Y todo claro, con sus respectivos valores como el liderazgo, el trabajo en equipo, el ser estratégicos y sus altos sacerdotes como “coaches de vida”, “líderes motivacionales”… como si la vida fuera algo en lo que necesitamos el tipo de dirección que tiene un equipo deportivo, porque vamos hacia una meta inevitable y colectiva. En la vida, sin embargo, como lo dice Nietzsche, hay momentos de error, arrepentimiento o el puro deseo de regresarse por donde vinimos.
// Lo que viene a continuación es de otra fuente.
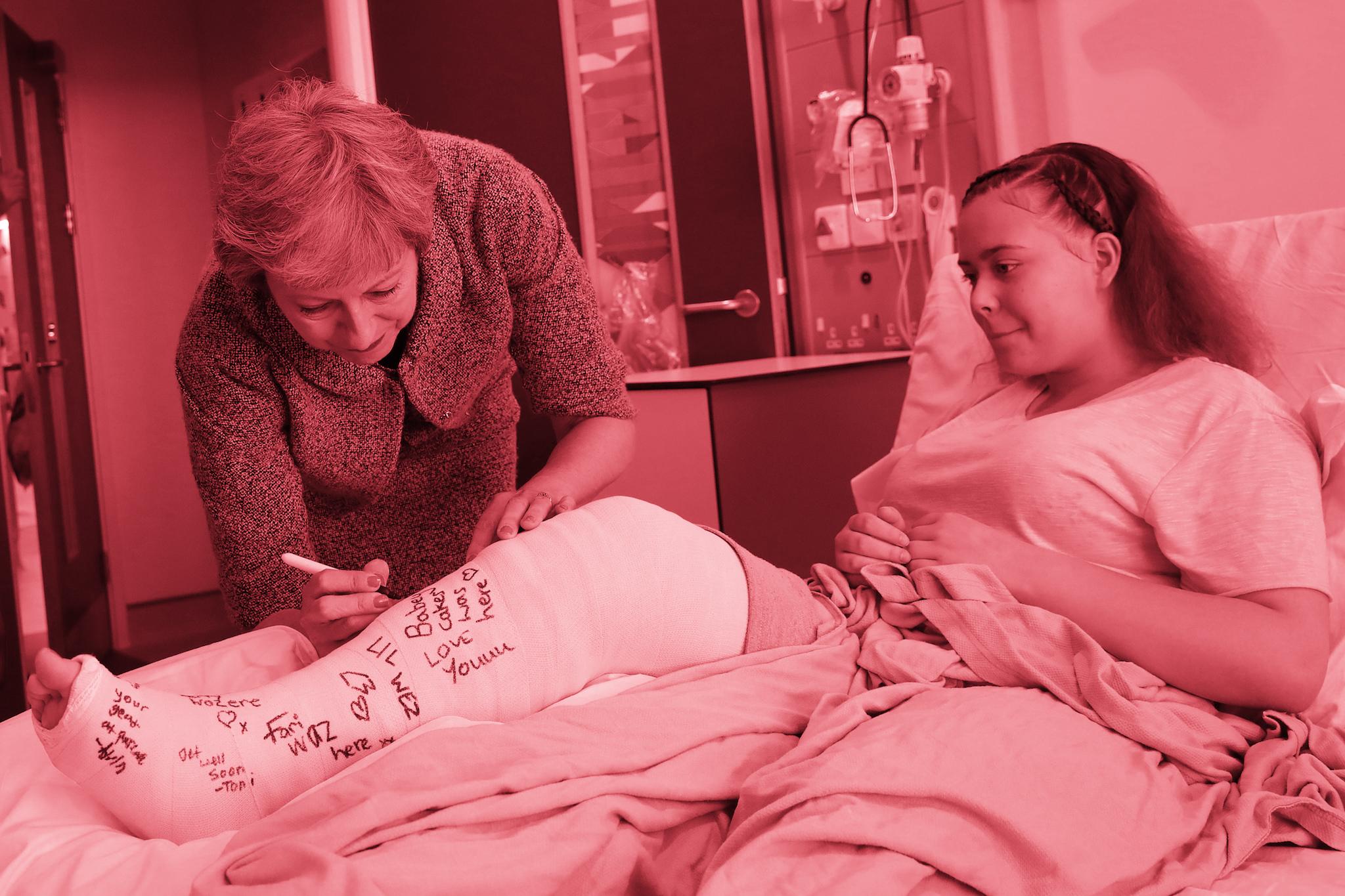 Britain's Prime Minister Theresa May signs the pot of patient Jade Myers, 15 of London, who broke her leg falling off a wall, during a visit to The Royal Free Hospital on June 18, 2018 in London, England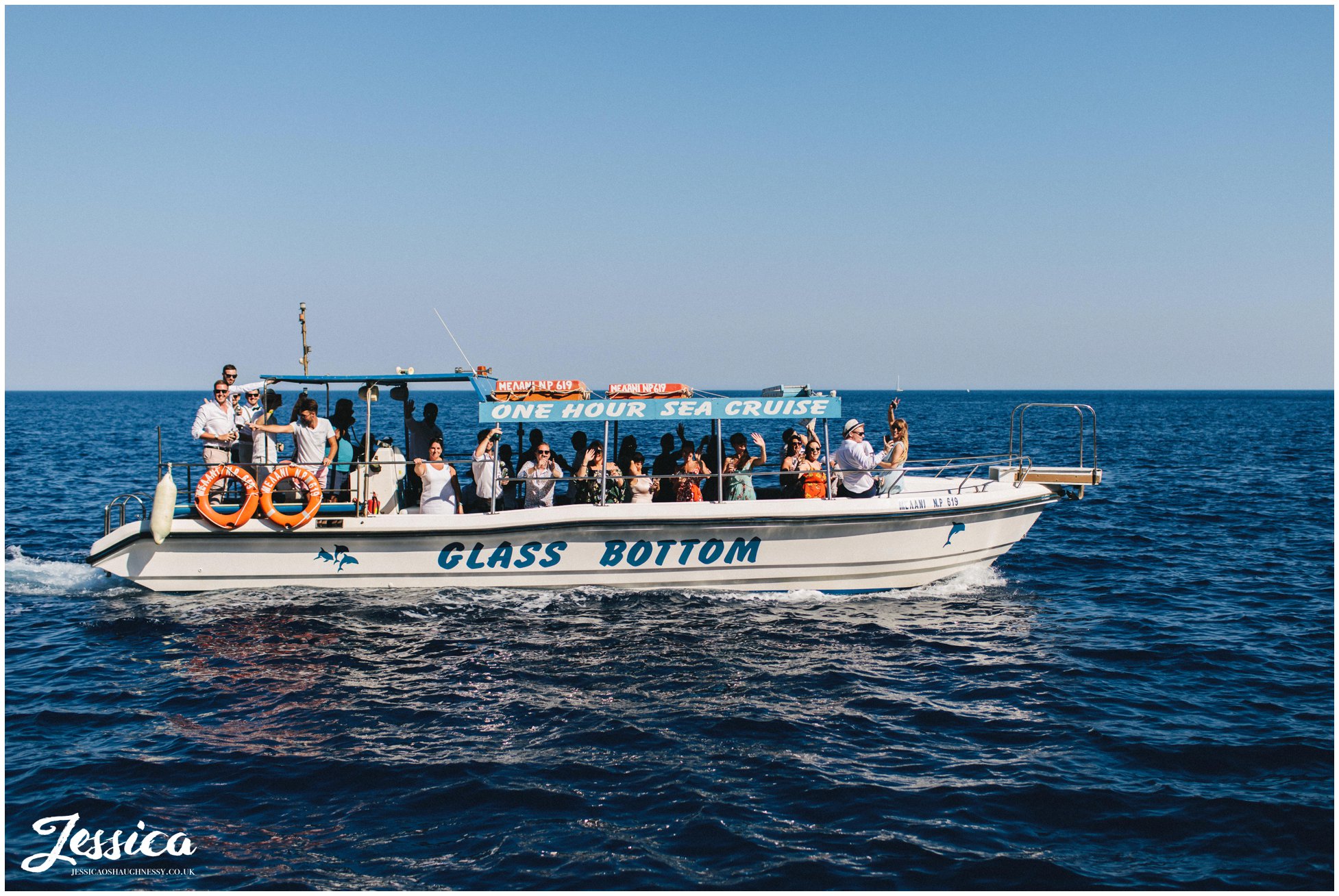 wedding guests cheer from the 2nd boat as it passes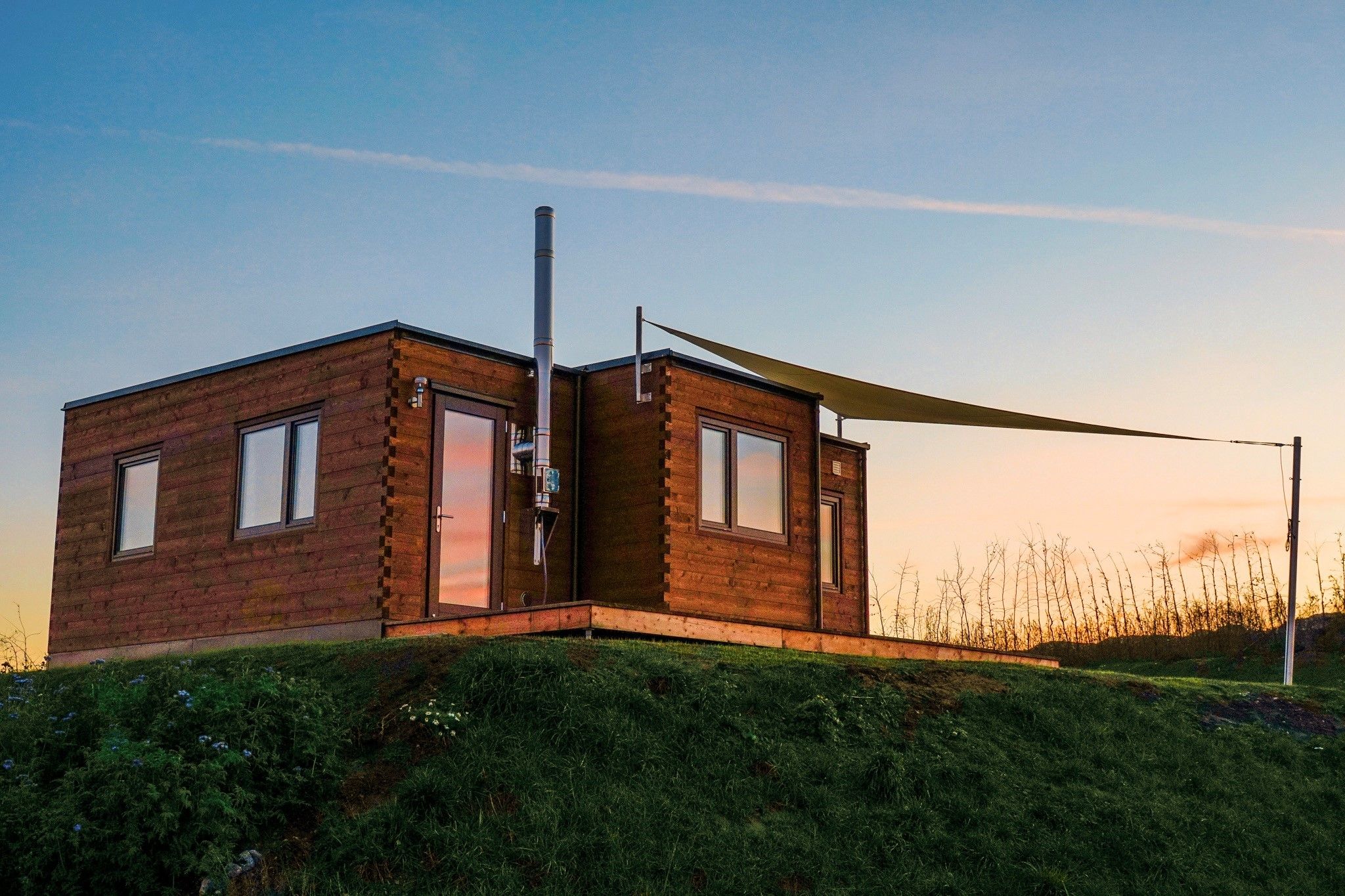 Eine moderne, zweigeschossige Holzhütte mit geneigtem Dach, großen Fenstern und einem sichtbaren Schornstein.
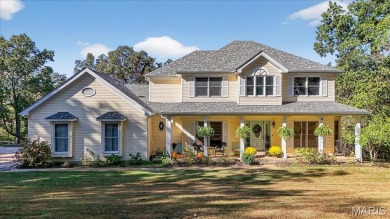 Welcome to 5600 Forest Dr., a stunning 5 bed, 3.5 bath home on 3 on Raintree Country Club in Missouri - for sale on GolfHomes.com, golf home, golf lot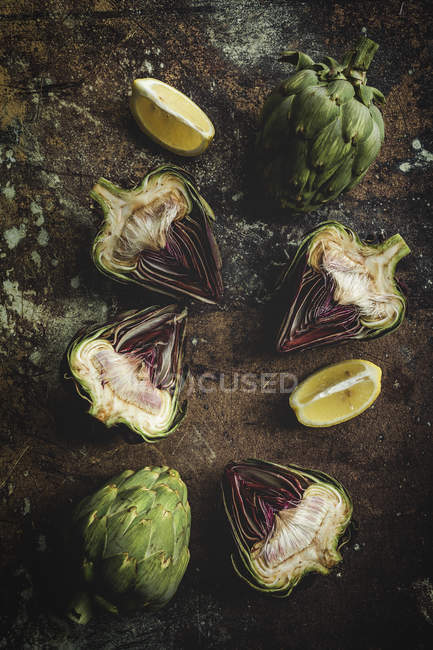 Alcachofas frescas cortadas a la mitad y trozos de limón sobre fondo oscuro oxidado - foto de stock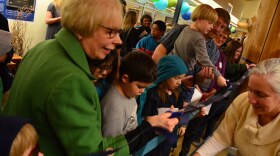 Kodiak Mayor Pat Branson cutting the ribbon on Kodiak’s Public Library in 2013. Branson will be among 10 women inducted into the Alaska Women’s Hall of Fame this fall. (Photo: James Brooks/Creative Commons)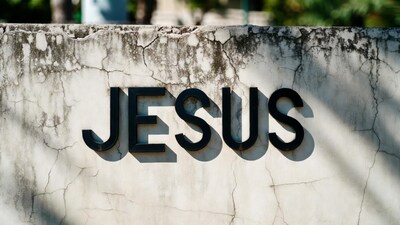 Jesus Sign on Cracked Wall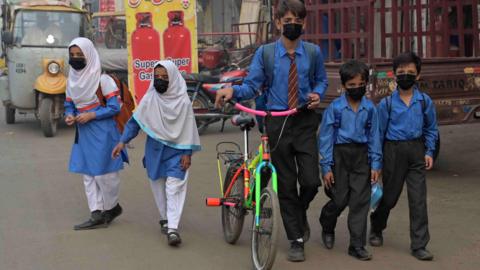 children wearing masks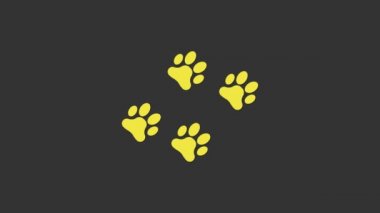 Sarı Paw yazdırma simgesi gri arkaplanda izole edildi. Köpek ya da kedi pençesi izi. Hayvan izleri. 4K Video hareketli grafik canlandırması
Todos hemos sentido en un momento u otro cómo esta metafísica empresarial proyecta una sombra sobra nuestras vidas. Si no es por otro motivo, considérese el enorme peso que tiene nuestro superior en el trabajo. El sociólogo canadiense Lawrence Peter acuñó en 1969 una idea conocida sin más como El Principio de Peter. Este afirma que los miembros de una organización que se rija por la meritocracia prosperarán hasta alcanzar el nivel superior de su competencia y luego ascenderán y se estabilizarán en un puesto para el cual son incompetentes. Pareciera un chiste, pero no lo es. ¿Soy bueno en lo que hago? Me ascienden. Cuando encuentro los límites de mi nivel de competencia, en un cargo a menudo directivo, ahí me quedo. No ha de sorprender a nadie entonces que tantos de nuestros superiores sean verdaderos mediocres. Una de las más grandes ironías de la vida laboral, sin embargo, es que la mediocridad, a pesar de que casi todo el mundo la reconoce, es prácticamente indemostrable a diferencia de la pura y simple incompetencia que genera errores.
Puedo desde ya imaginar las críticas a este texto: que hablo de cosas que no conozco, que no he tenido un puesto corporativo en mi vida. Y digo desde ya que tienen razón. Quizá se me escapa toda una dimensión mágica que emerge luego de una vida como empleado corporativo. Pero por lo que oigo de mis amigos, hermanos, allegados y exalumnos, se trata de algo que simplemente toleran con la esperanza de una jubilación temprana, marcados por el deseo de escaparse un día de su cubículo como quien en el colmo del descaro y sin culpa no asiste un día al colegio para arrojarse en el pasto y ver las formas de las nubes.